MEMOCRACY Project Members Discussed Memory Laws at International Workshop at Seoul National University

The workshop on ’Memory Laws and Transformative Justice: Asia, Europe and Beyond’ held on October 29th 2022, at the Seoul National University gathered scholars and legal practitioners working on memory laws in East Asia, South America and Europe. The unique event was organized jointly by Seoul National University, the Korean Association of Human Rights Studies, the Busan National University SSK Living with Slow Disaster Research Network, MELA (Memory Laws in European and Comparative Perspective) project, and the MEMOCRACY project. In light of several recent factors, including: the current rise of memory laws; the adoption of new transitional justice mechanisms in South Korea; and ongoing lively inter-state debates on historical memory in East Asia, the presentation of the Model Declaration’s normative principles during the international workshop in Seoul was of particular significance and topical relevance.

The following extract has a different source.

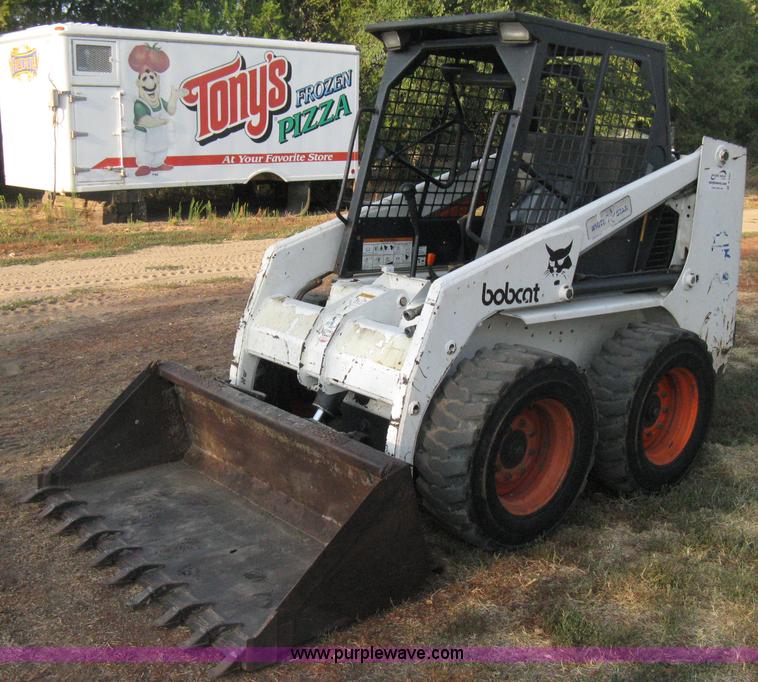 image for item B8001 1995 Bobcat 751C skid steer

Prof. Buhm-Suk Baek (Kyung-Hee University), Prof. Yunjeong Joo (Pusan University), Prof. Jiewuh Song (Seoul National University) and Jung Hyuk (Truth and Reconciliation Commission) presented Korean perspectives on memory laws and other instruments of historical memory governance. Prof. Junko Kotani (Shizuoka University) analysed the specificities of Japanese constitutionalism through the looking glass of imperial eras in Japan. Dr. Uladzislau Belavusau (MEMOCRACY Principal Investigator, senior researcher at T.M.C. Asser Institute) presented about French and Dutch cases of reckoning with the colonial past through the use of legal mechanisms. Dr. Anna Wójcik (MEMOCRACY post-doctoral researcher, Polish Academy of Sciences) discussed populist memory governance during democratic backsliding in Central and Eastern Europe. Dr. León Castellanos-Jankielewicz (T.M.C. Asser Institute) discussed the rise of amnesties in South America.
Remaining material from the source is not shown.